Hoy, Estados Unidos concentra principios fatales de imperios -tan mortales como los individuos- cuyos períodos de existencia se han ido contrayendo de miles de años a centenares y decenas. Todo indica que frente a las determinaciones que los minan internamente no hay visión posible desde los ojos de sus administradores.
La caída de las Torres y un ala del Pentágono golpeó a deidades contemporáneas, el dinero y las armas. La respuesta fue el miedo. El Congreso convirtió en ley ese temor al autorizar la intervención en cualquier comunicación, internet, correspondencia, cuenta bancaria, la detención de sospechosos o el arbitrario paradero de cualquier ilegal.
Cuando Estados Unidos bombardea Afganistán se bombardea a sí mismo. Bombardea su autoridad que en ciertos momentos conquistó el mundo. Bombardea el potencial de su fuerza económica, la libertad de sus medios de comunicación, el valor de su propia historia libertaria.

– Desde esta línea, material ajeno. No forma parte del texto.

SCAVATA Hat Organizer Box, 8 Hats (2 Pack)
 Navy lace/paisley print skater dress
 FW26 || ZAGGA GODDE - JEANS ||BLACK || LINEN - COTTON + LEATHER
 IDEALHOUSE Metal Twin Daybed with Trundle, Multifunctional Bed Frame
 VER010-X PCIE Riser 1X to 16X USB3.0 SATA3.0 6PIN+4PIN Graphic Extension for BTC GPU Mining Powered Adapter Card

Niega la trascendencia de la investigación técnica y científica.
El pensamiento de la administración norteamericana viaja en bombas. Las armas portan sus ideas y las muertes que festejan, el destino de sí mismos. El terrible e inocultable temor que proyecta en los otros oculta el horror que le causan sus propias entrañas.
Estados Unidos teme hasta el paroxismo a sus inventos y criaturas ideológicas.
Los medios de comunicación recrean “el bien”; el mal no tiene voz, es apenas un blanco militar. Se niegan a la critica. Ahora explican las dificultades bélicas en Afganistán con el invierno.
No fue el invierno lo que impidió a Napoleón llegar a Moscú. El ejército francés había comenzado a descomponerse antes. En 1812 el imperio napoleónico decaía por un virus histórico interno.
En estos casos, las potencias convierten al invierno en cómplice de los “malos”. Sucedió igual con Hitler, como si el destino de la humanidad hubiese podido ser el fascismo. Algo de eso hay en la comprensión sobre la guerra contra Afganistán.
Estados Unidos se aproxima a un colapso psico-social. Sin embargo, el mundo aún espera que la racionalidad se erija contra la guerra, contra la euforia encubridora y en pos de una vida fraterna en el mundo.